ASSIGNED TASK ::
Output every entry below word for word, minus the images.

(Brief descriptive captions)
§
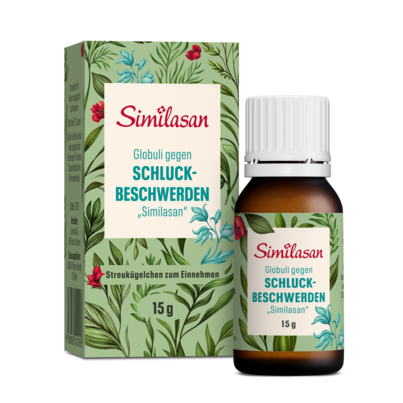 Sie sehen eine Packung Globuli gegen Schluckbeschwerden „Similasan“, Produktbild: 01 Globuli gegen Schluckbeschwerden „Similasan“, A-Nr.: 2420924 - 01
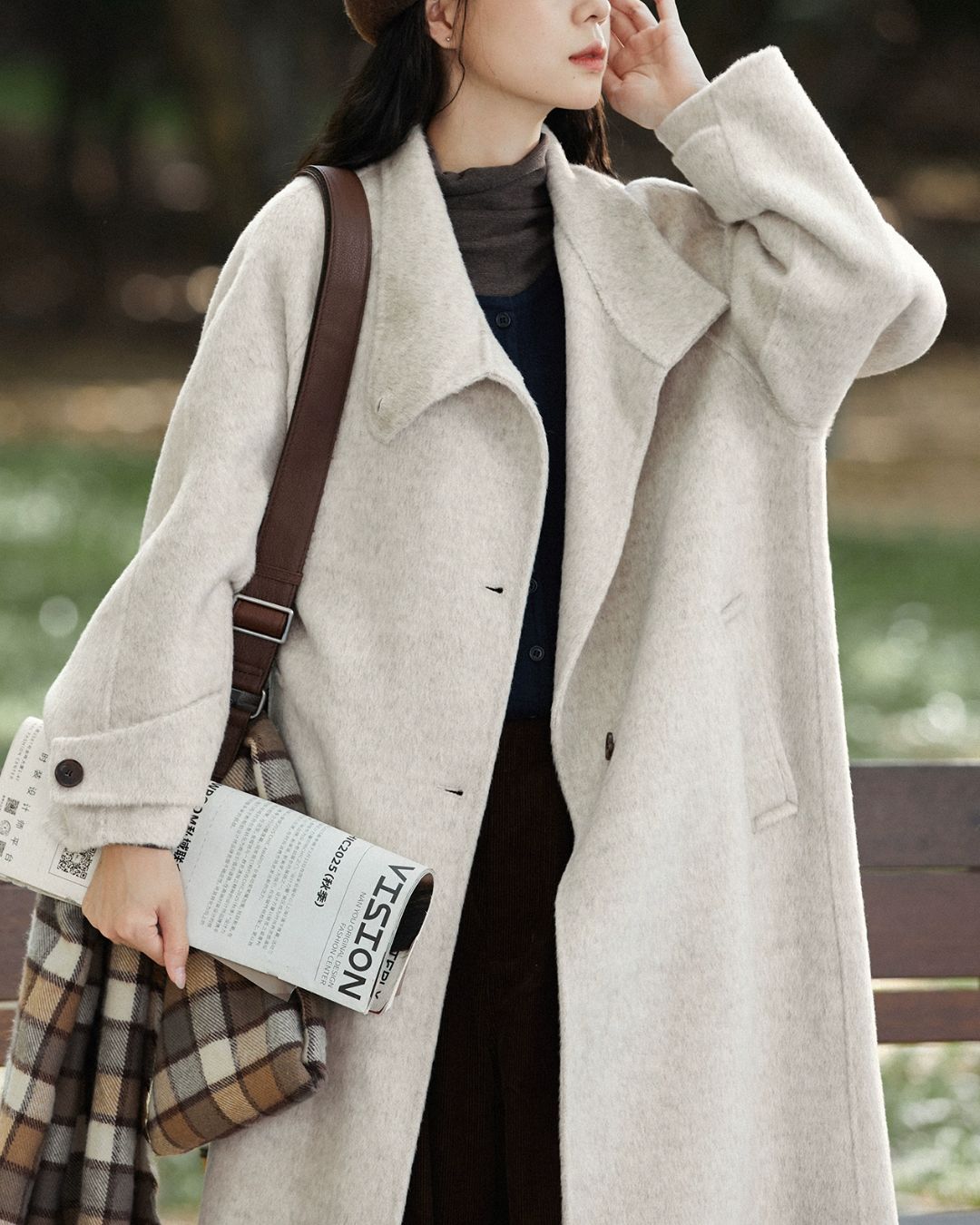 Wool Stand Collar Yoke Coat　CT019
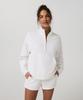 Vuori [Women'S] Pique Fleece Half Zip_White Vr26120031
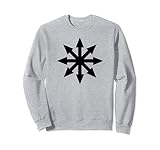 Symbole de l'étoile du chaos Punk Métal Pentagramme Anarchie Sweatshirt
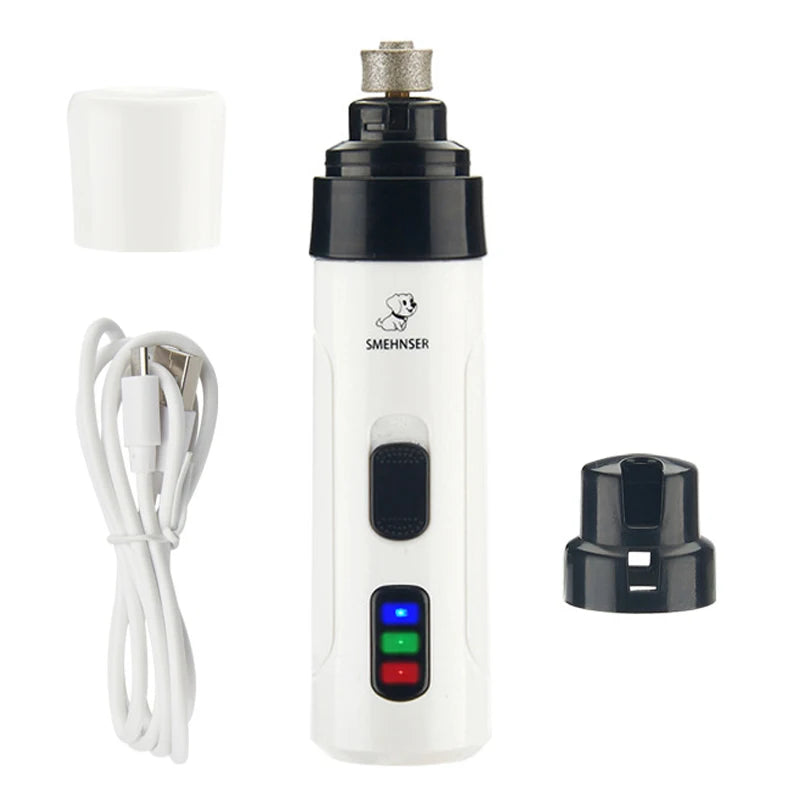 Rechargeable Electric Pet Nail Grinder – USB Charging Nail Trimmer for Dogs & Cats
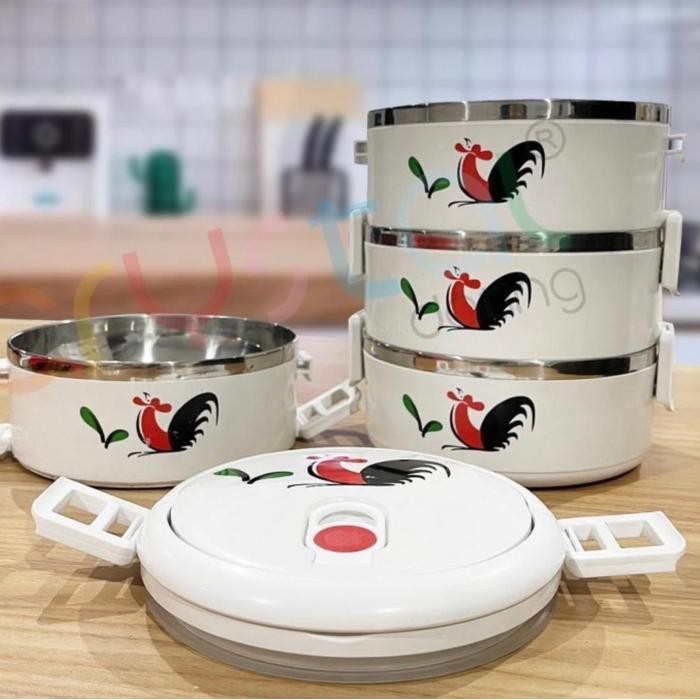 rantang ayam jago Stainless susun 4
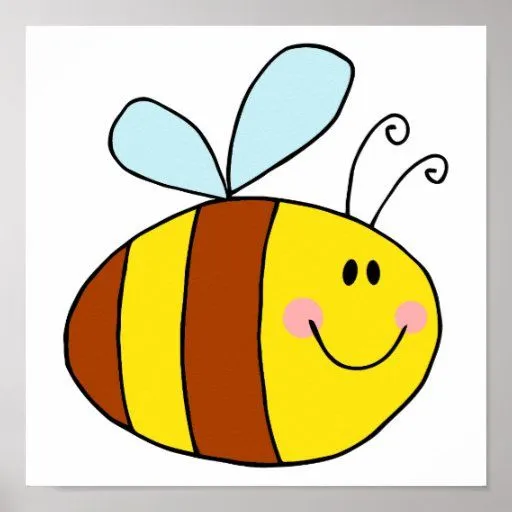 dibujo animado feliz de la abeja de la miel de la posters | Zazzle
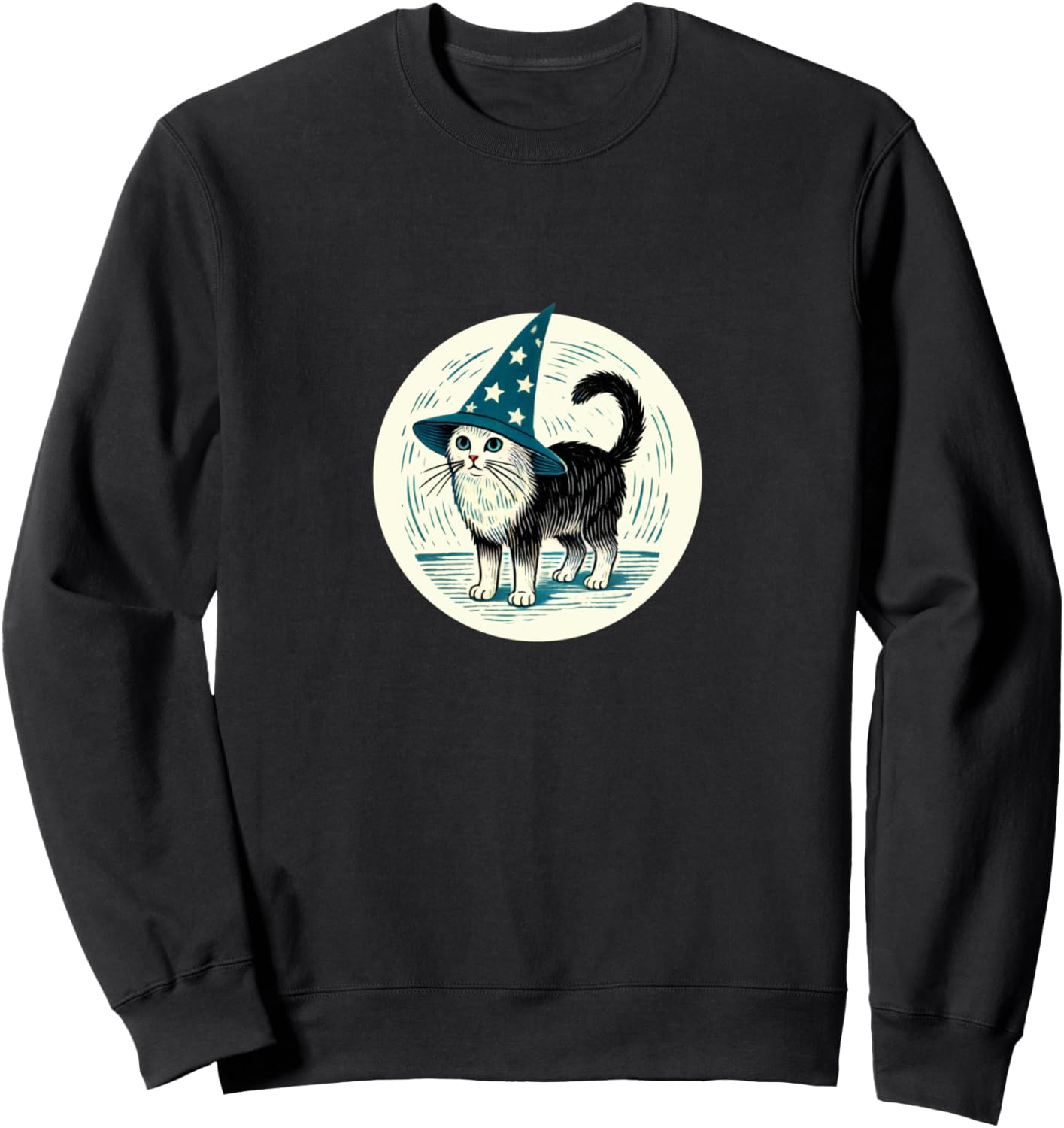 

Толстовка с изображением кота-волшебника Мяуги Cat Snugg, черный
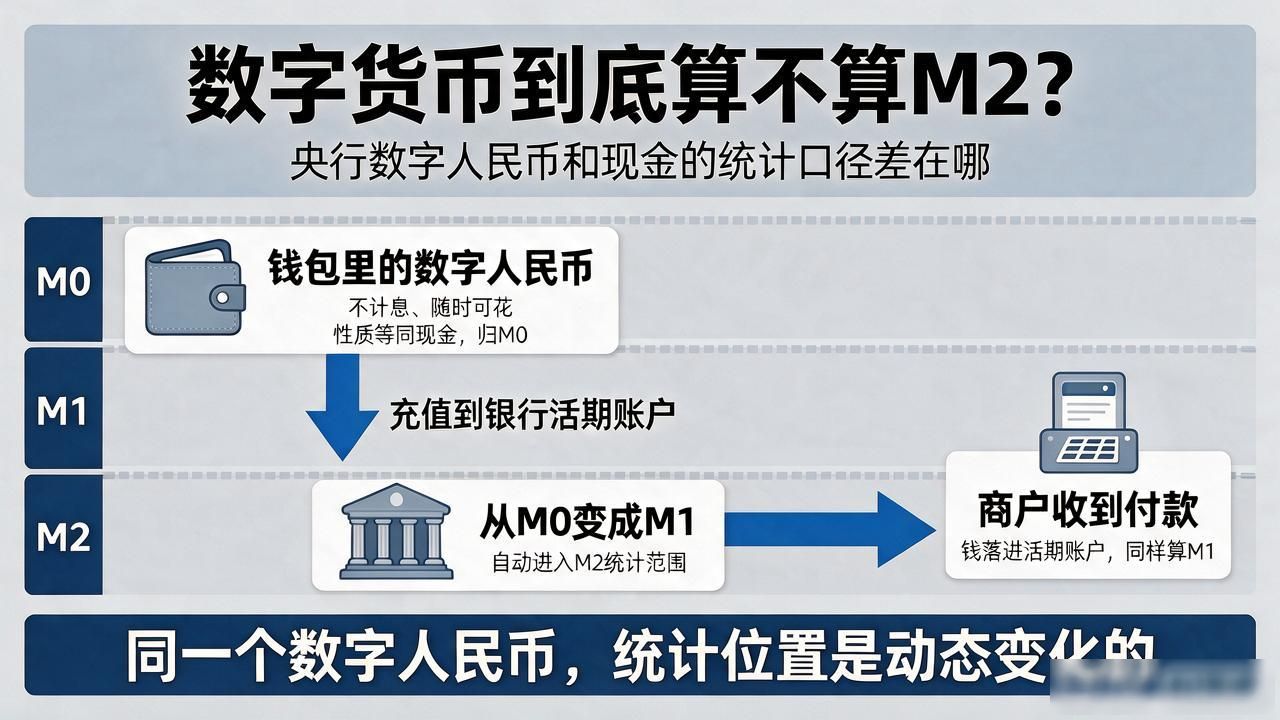 数字货币定位m2_数字人民币M0M1区别_数字人民币M2统计口径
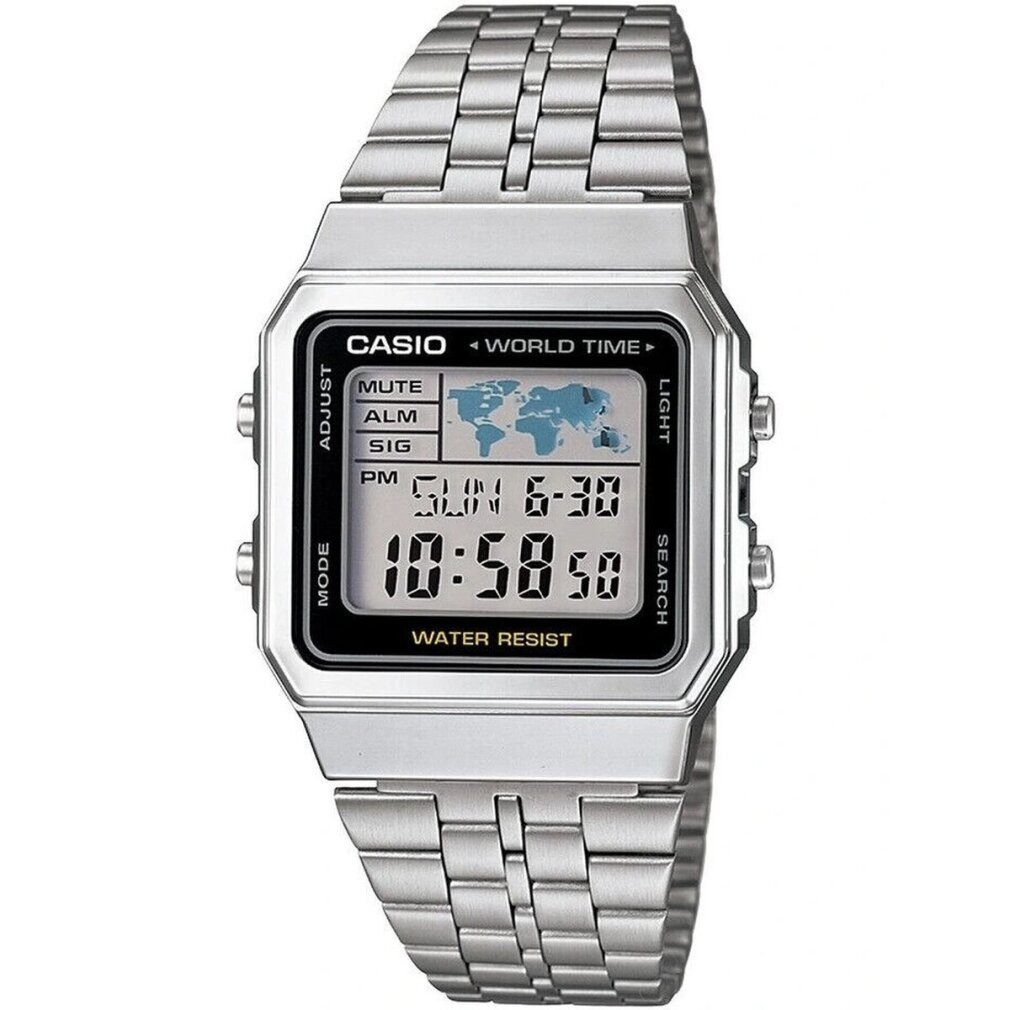 CASIO Luxusuhr Unisex Digital mit Edelstahl Armbanduhr A500WA1D günstig online kaufen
§
EXERCISE OUTPUT ::
 Sie sehen eine Packung Globuli gegen Schluckbeschwerden „Similasan“, Produktbild: 01 Globuli gegen Schluckbeschwerden „Similasan“, A-Nr.: 2420924 - 01
 Wool Stand Collar Yoke Coat　CT019
 Vuori [Women'S] Pique Fleece Half Zip_White Vr26120031
 Symbole de l'étoile du chaos Punk Métal Pentagramme Anarchie Sweatshirt
 Rechargeable Electric Pet Nail Grinder – USB Charging Nail Trimmer for Dogs & Cats
 rantang ayam jago Stainless susun 4
 dibujo animado feliz de la abeja de la miel de la posters | Zazzle

Толстовка с изображением кота-волшебника Мяуги Cat Snugg, черный
 数字货币定位m2_数字人民币M0M1区别_数字人民币M2统计口径
 CASIO Luxusuhr Unisex Digital mit Edelstahl Armbanduhr A500WA1D günstig online kaufen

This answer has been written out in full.